Dante fue el primero en experimentar la intuición genial de los valores poéticos y metafísicos de la altitud, que no había vivido directamente. Correspondería a otro gran poeta, al pasar a la acción, gozar aquella vivencia.

«Cupiditate ductus ascendi…». Conducido por el deseo de elevarse: admirable frase, que en su simbolismo expresa a la vez el instintivo impulso hacia la cima terrestre y las eternas aspiraciones del alma humana. Sentimientos inseparables que guían el deseo del alpinista y que todo ser, un día u otro, ha debido experimentar más o menos confusamente… El relato de un poeta nos ha dejado su testimonio más cabal.

El 25 de abril de 1336, Petrarca abandonaba Vaucluse para ir a dormir en una pequeña posada de Malaucène, al pie del Ventoux. Le acompañaban su hermano menor, Gherardo, y dos servidores. Su intención consistía en escalar al día siguiente la montaña, aquella ciudadela avanzada de los Alpes, aislada en medio de los llanos del Comtat y a los que domina por todas partes. Se comprenderá que la mirada de Petrarca hubiera sido muchas veces detenida y cautivada por aquella gran silueta familiar, que ya de niño viera desde Carpentras, y que cierra su horizonte. Pero más insólito es el deseo, tan excepcional en aquel tiempo, de llegar a la montaña misteriosa, y aún más el de intentar su ascensión. ¿A qué habremos de atribuirlo?

En 1336, Petrarca tenía treinta y dos años: la fuerza de la edad. Había llevado una vida brillante, que no tardó en resultarle vana y decepcionante. Hacía nueve años que se había alejado de Laura de Noves, pero continuaba amándola sin esperanza. Mantenía una relación de la que, al año siguiente, le nacería un hijo natural. Insatisfecho, vivía en la contradicción, sentía y deploraba vivamente el desorden de su vida, en profundo desacuerdo con sus aspiraciones espirituales. En suma, atravesaba una crisis moral y se había refugiado en Vaucluse, en una especie de retiro del que esperaba una pacificación espiritual y acaso una certeza. Había elegido entonces por compañero a su hermano Gherardo, que no tardaría en abandonar el mundo para hacerse cartujo en Montrieux, en Provenza, y como corresponsal y confidente al padre Dionisio de Borgo San Sepolcro, un monje toscano. Queda bien claro, pues, por dónde iban sus más profundos pensamientos.
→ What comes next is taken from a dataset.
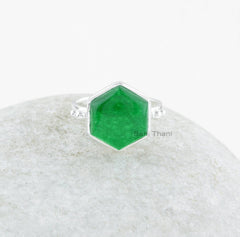 Green Aventurine Ring - Green Aventurine Hexagon 12mm Gemstone Ring - Anniversary Gift - 925 Sterling Silver - Engagement Gift for bride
Así era el hombre que había decidido escalar la montaña de sus años jóvenes. Un cierto gusto le predisponía a ello: cuando era estudiante en Bolonia, disfrutaba haciendo excursiones por las cercanas pendientes de los Apeninos. Pero ahora, su determinación se hace más precisa, y su propio relato nos ayudará a descubrir el sentido que revestía.

Así pues, al despuntar el día 26 de abril, Petrarca y sus compañeros abandonaron Malaucène. Caminaron a través del bello campo, surcado de valles, del Comtat, tan parecido en su dulzura teñida de aspereza a muchas comarcas italianas. La mañana es buena, fresca. Un ruido de agua discurre por un arroyo, un pájaro se despierta y canta… Así comienza el secreto diálogo entre la naturaleza y el poeta.


La morada de los dioses. El Olimpo.


O beata solitudo… Monasterio de la Grande Chartreuse.

Se ha escrito mucho sobre su itinerario. Entremos en este juego, aunque sin creer demasiado en él: su camino debía pasar naturalmente por la fuente vauclusiana y el valle del Groseau, de donde parte un víacrucis que conduce al Puy Haut —nombre actualmente deformado en Piaut—, contrafuerte del Ventoux, a una altitud de setecientos metros. Desde allí, los escaladores debieron seguir la cresta hasta el Pré de Michel, o Bois-BrÛlé (1.094 metros), donde el contrafuerte se suelda a la masa principal del Ventoux. Parece que fue allí donde se encontraron con un viejo pastor, que intentó desanimarles: él mismo había intentado la aventura cincuenta años antes. ¡Todavía estaba temblando! Pero nuestros alpinistas continuaron con bravura. No podemos menospreciarles aduciendo al carácter fácil de aquella ascensión: la facilidad no comienza más que con el hábito. Lo desconocido es siempre temible. A veces se han planteado otras cuestiones que no obtendrán respuesta: ¿Estaba entonces el monte cubierto de bosques que hubieran podido oponer un obstáculo serio a la marcha? Al comenzar la primavera, ¿cubriría aún la nieve la cumbre y las últimas pendientes? Ambos factores pudieron determinar la continuación del itinerario. Pero, una vez más, no es eso lo importante. La marcha de Petrarca se caracterizaba por una cierta fantasía, que a menudo le hacía perder el tiempo; también, por una cierta independencia: con frecuencia elegía un camino propio, abandonando a sus compañeros e incluso dejando a veces las crestas, para atravesar vallejos como el de Maraval. No podemos dejar de evocar aquellos versos del Canzoniere:

Solo con mis pensamientos, con pasos graves y lentos

me adentro por los rincones más desiertos:

mi mirada atenta evita los senderos

donde algun pie humano haya dejado su huella.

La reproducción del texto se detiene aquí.